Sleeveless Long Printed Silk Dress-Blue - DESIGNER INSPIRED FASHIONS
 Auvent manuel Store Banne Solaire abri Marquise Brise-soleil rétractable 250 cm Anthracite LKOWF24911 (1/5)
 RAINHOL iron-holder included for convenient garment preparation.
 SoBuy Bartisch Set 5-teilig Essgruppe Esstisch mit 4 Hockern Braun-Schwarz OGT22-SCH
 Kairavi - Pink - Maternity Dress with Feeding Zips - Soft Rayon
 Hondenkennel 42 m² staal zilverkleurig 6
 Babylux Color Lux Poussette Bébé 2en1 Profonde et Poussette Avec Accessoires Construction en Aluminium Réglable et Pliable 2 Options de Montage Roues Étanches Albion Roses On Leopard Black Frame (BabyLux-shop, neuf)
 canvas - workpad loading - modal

Requirement
Go through the records and pull out each line that includes the word "Dress".

Exercise answer
Sleeveless Long Printed Silk Dress-Blue - DESIGNER INSPIRED FASHIONS
 Kairavi - Pink - Maternity Dress with Feeding Zips - Soft Rayon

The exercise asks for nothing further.